As to the unlikely contents, though unsuitable for poetry, these are not
only paralleled by the poems of Nicander. They also anticipate the Second
Sophistic trend of making markedly unsuitable topics the subject of their
author’s pieces: the popularity of the ἄδοξον within a highly literary context
was typical of the age to come.70 The riddles, their language, and particularly
their Homeric contents, suggest a wider audience of πεπαιδευμένοι who could
appreciate the effort. They are the ‘wise men’ to whom Philo’s recipe is aiming
its learning (γέγραμμαι δὲ σοφοῖσι, 11).

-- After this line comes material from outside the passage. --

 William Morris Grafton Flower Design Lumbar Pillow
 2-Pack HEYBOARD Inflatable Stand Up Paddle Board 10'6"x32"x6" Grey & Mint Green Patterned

The sympotic riddle type concerned with
questions of literary knowledge (first and foremost of Homer) is particularly
close to Philo’s recipes.71 Its appeal to one’s paideia is to be taken quite literally
as school education, the Homeric poems being textbook cases to be learned by
heart by young pupils.72

69  E.g. Plu. Quaest. conv. 5.1 (673ab), 8.1 (717a). Cf. Luz 2010, 139, with references.
70  Anderson 1993, 171-174.
71  This type is discussed by Athenaeus (10.86 = 457ef) as part of the riddle typology designed
by Clearchus of Soloi.
72  Cf. Luz 2010, 143.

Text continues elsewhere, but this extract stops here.